** What you have to do **
Could you write out, exactly as they stand, only the lines in the listing below from the line with "Green Used 2020" to the line with "Y College Medium", both ends included, without the pictures?

** Exercise material **
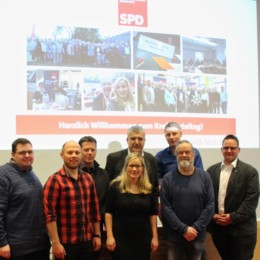 Die Mitglieder des Vorstandes des SPD-Kreisverbandes MSE.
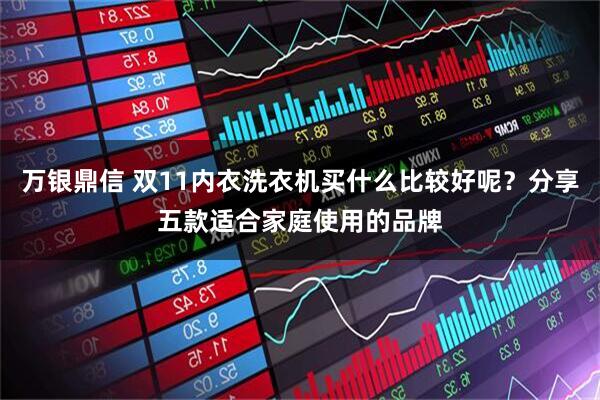 万银鼎信 双11内衣洗衣机买什么比较好呢？分享五款适合家庭使用的品牌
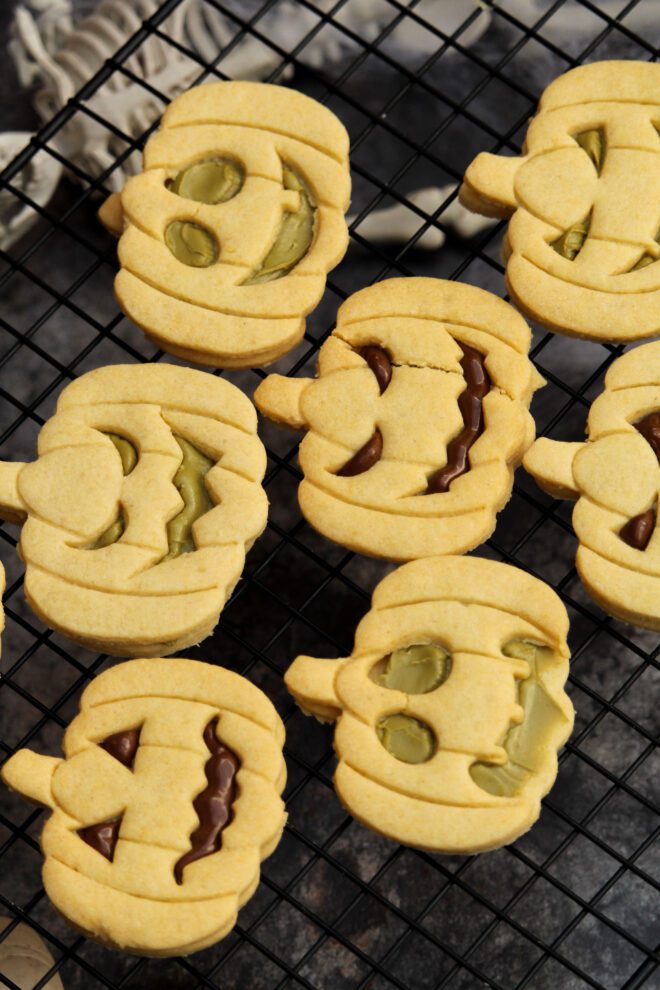 Halloween pompoen koekjes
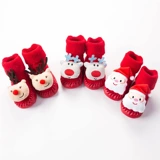 Детские демисезонные хлопковые милые флисовые туфли для новорожденных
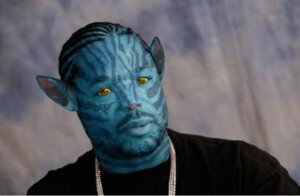 Rating: Safe Score: 0 Tags: alien alien_humanoid biped blue_body blue_markings bust_portrait chain clothed clothing e621 facial_markings fully_clothed gold_(metal) gold_chain grandfathered_content head_markings humanoid james_cameron's_avatar jewelry looking_at_viewer male markings meme na'vi necklace not_furry photo_manipulation photomorph portrait solo third-party_edit unknown_artist why xzibit yellow_eyes User: bunchy7s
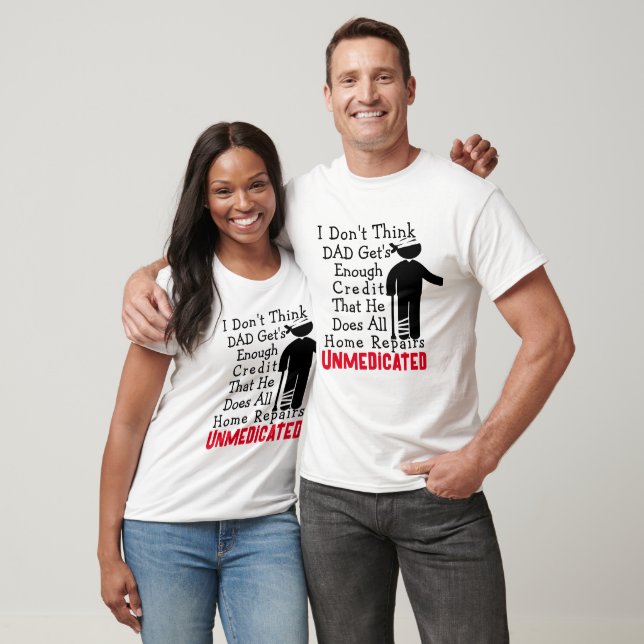 Drôle Papa Home Réparation Mème Graphic T-Shirt De (Unisexe)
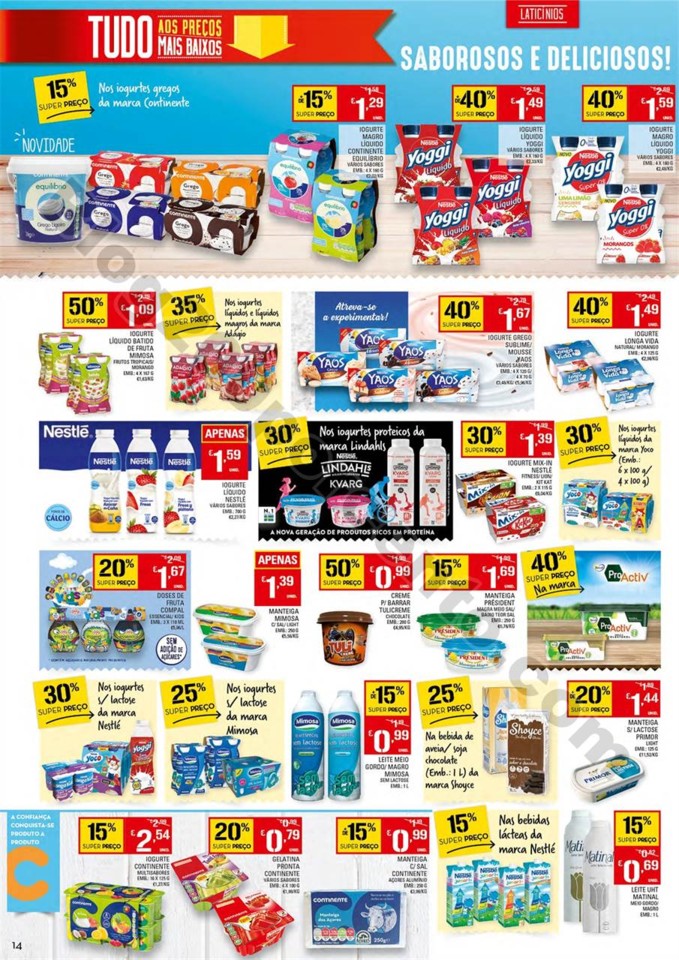 antevisão folheto promoções Continente 17a23abr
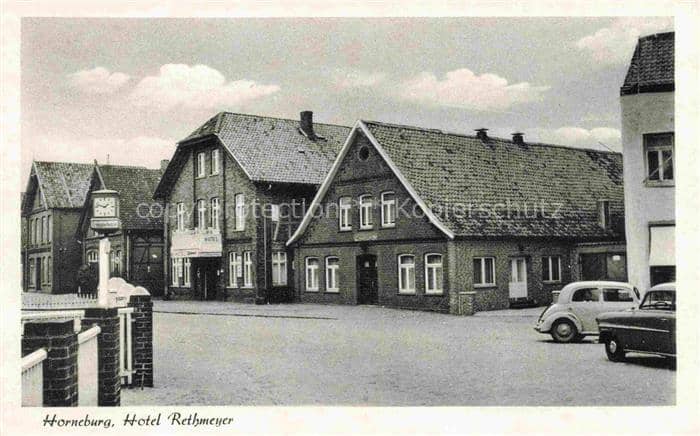 Horneburg Niederelbe Stade Niedersachsen Hotel Rethmeyer – Ansichtskarte Horneburg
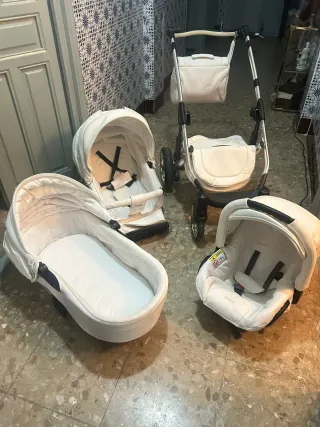 Trio Nataly Polipiel Blanco Mundi Bebé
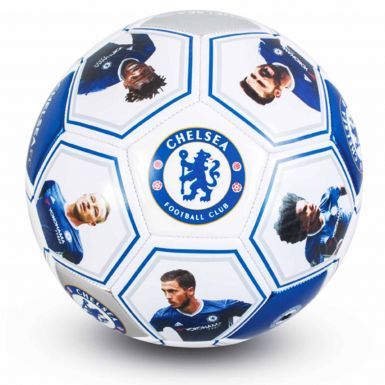 Chelsea FC Player Photo & Signature Soccer Ball (Size 5)
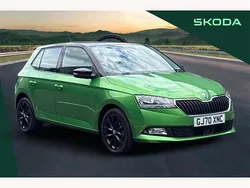 Green Used 2020 Skoda Fabia Colour Edition Hatchback | £11,995 (Fair price)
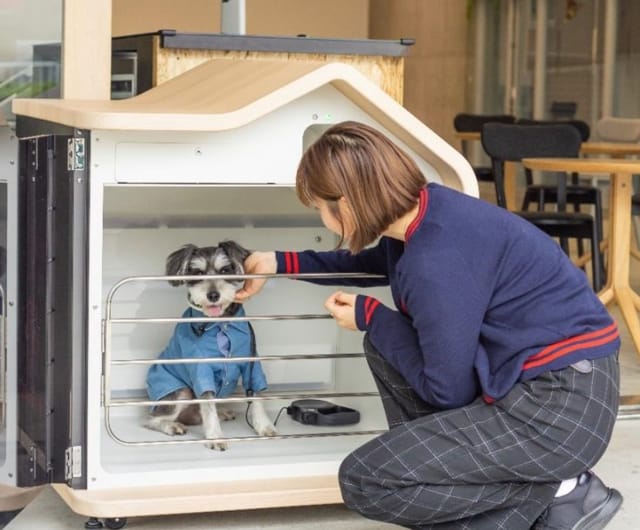 愛犬専用の特別個室アウトレットで実験 旭化成H、三菱地所S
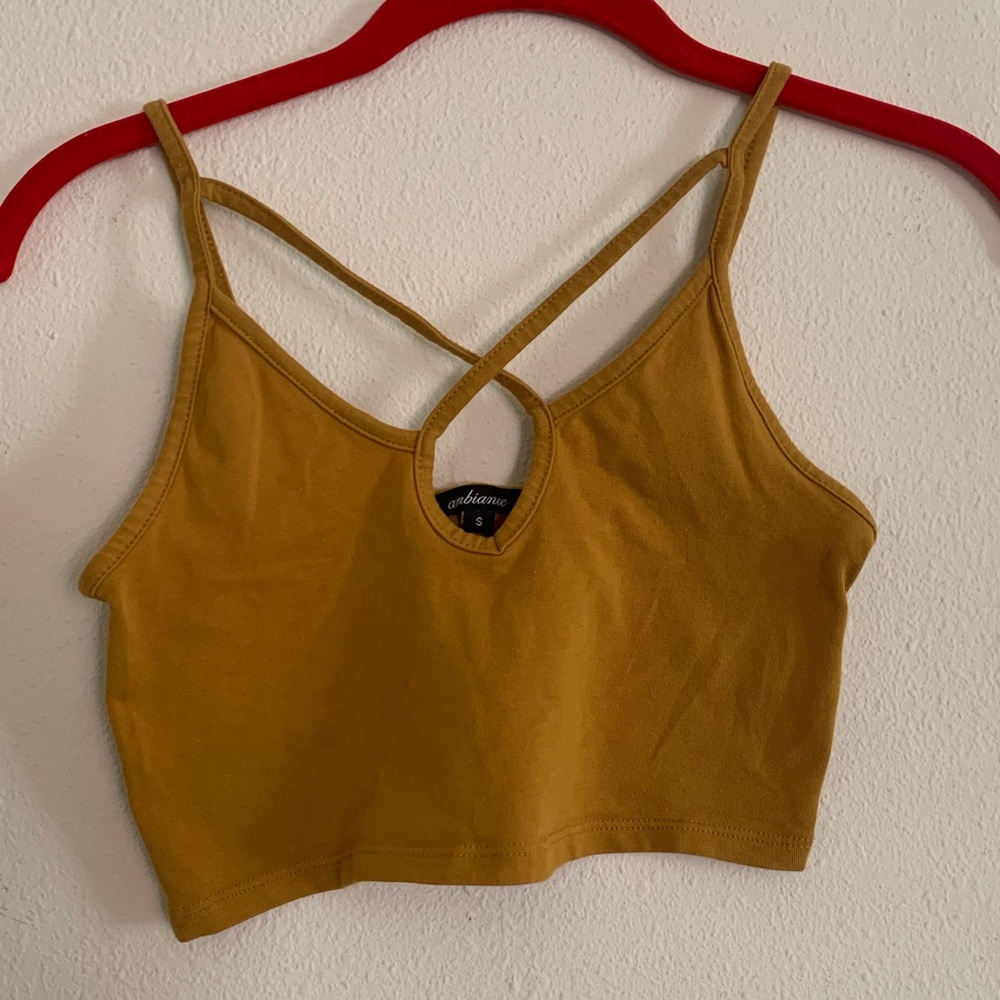 Ambiance Mustard Crop top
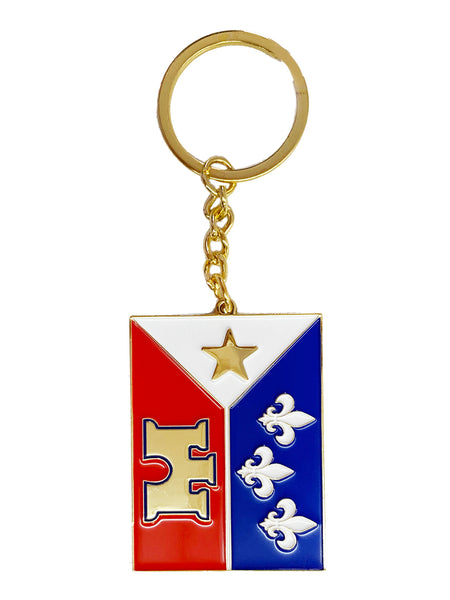 Acadian Flag Keychain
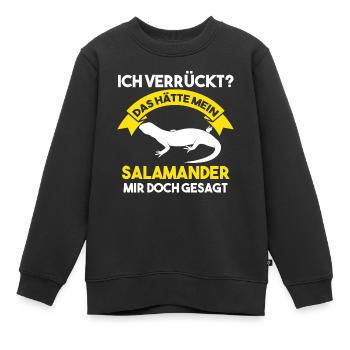 Salamander - Kinder Premium Organic Sweatshirt - Schwarz - Vorne - AI Model Kid Female (0cm)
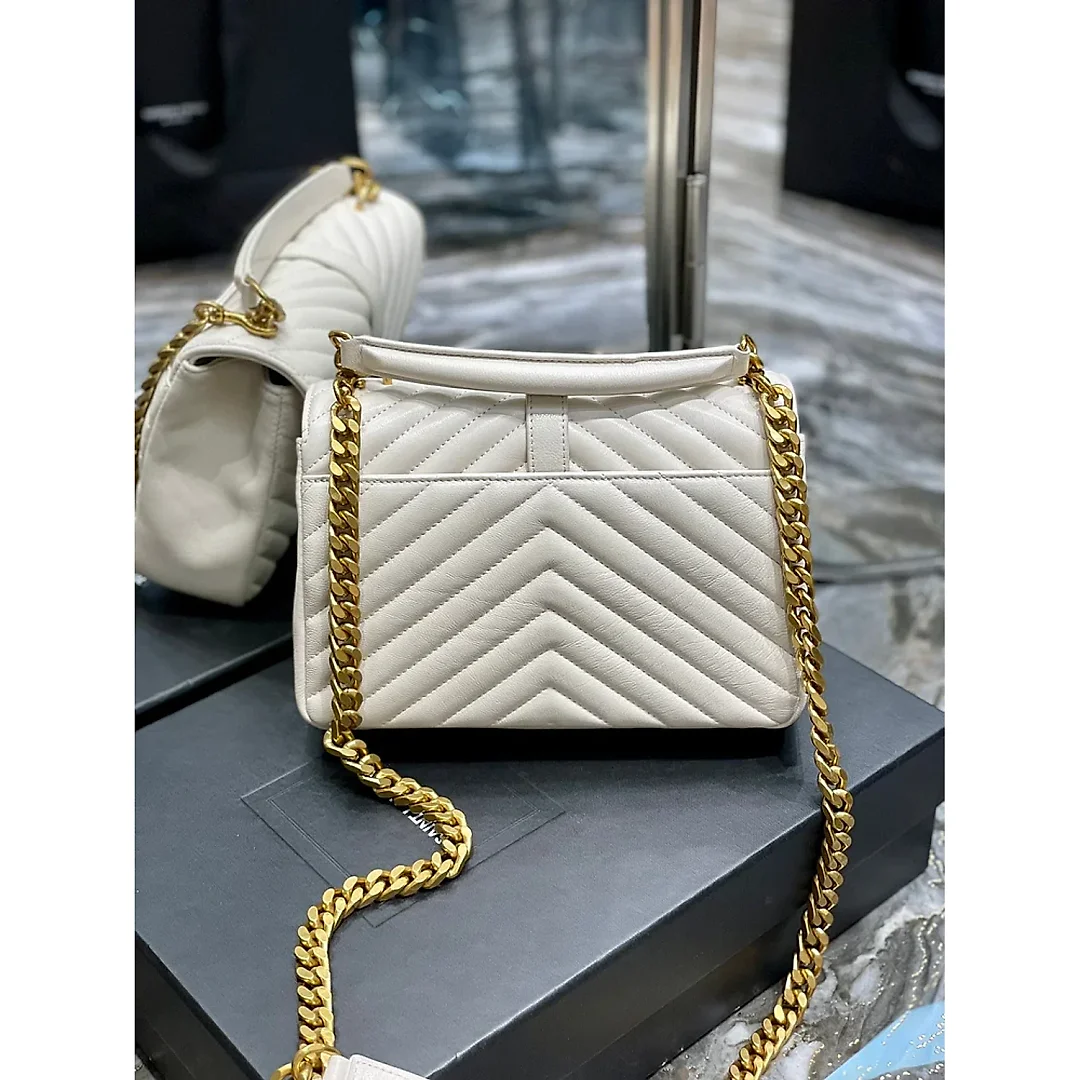 Y College Medium Quilted leather Bag 3 colours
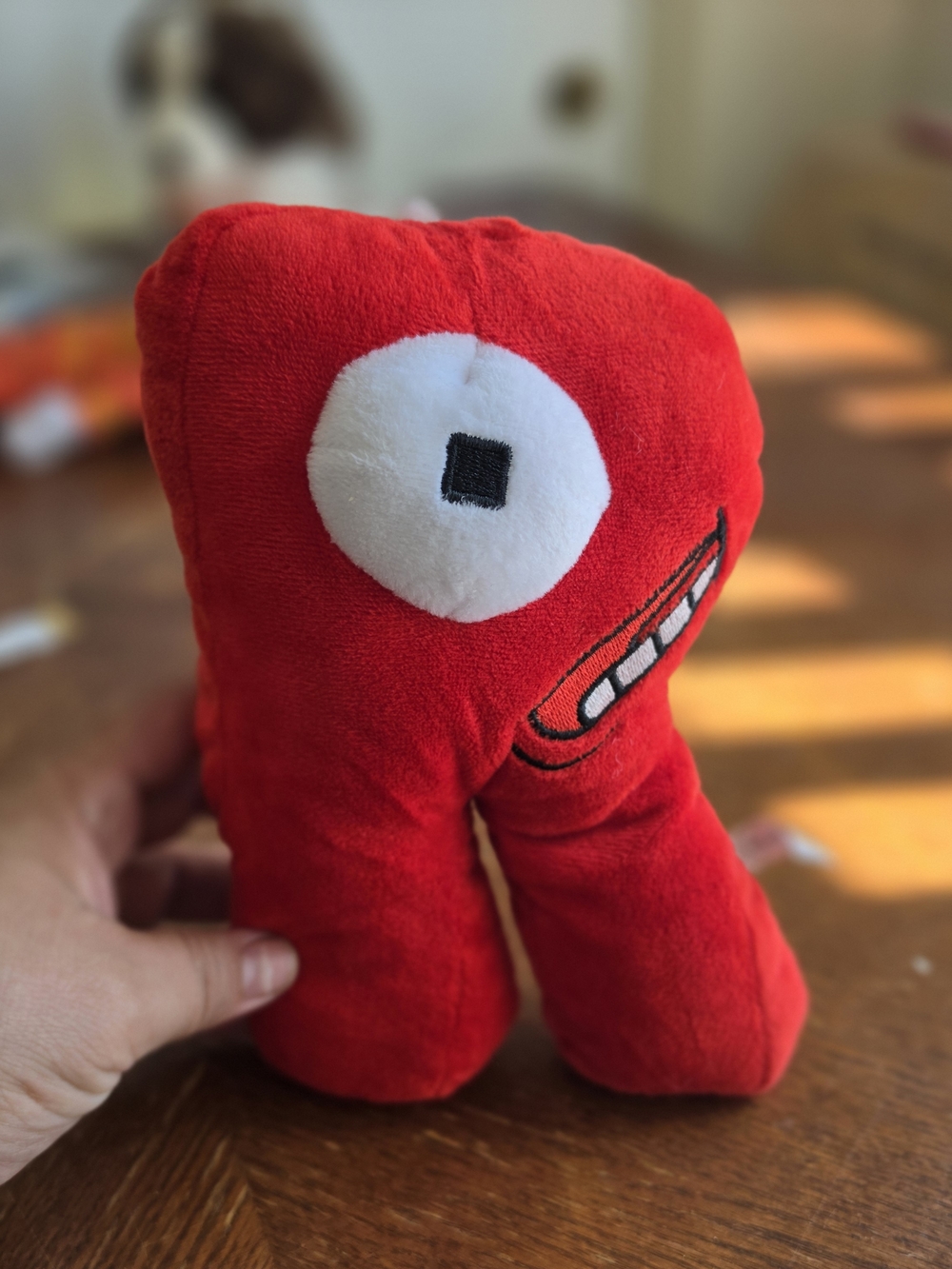 Red Plush Monster Stuffed Toy - Soft Kids Plushie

** Answer to this exercise **
 Green Used 2020 Skoda Fabia Colour Edition Hatchback | £11,995 (Fair price)
 愛犬専用の特別個室アウトレットで実験 旭化成H、三菱地所S
 Ambiance Mustard Crop top
 Acadian Flag Keychain
 Salamander - Kinder Premium Organic Sweatshirt - Schwarz - Vorne - AI Model Kid Female (0cm)
 Y College Medium Quilted leather Bag 3 colours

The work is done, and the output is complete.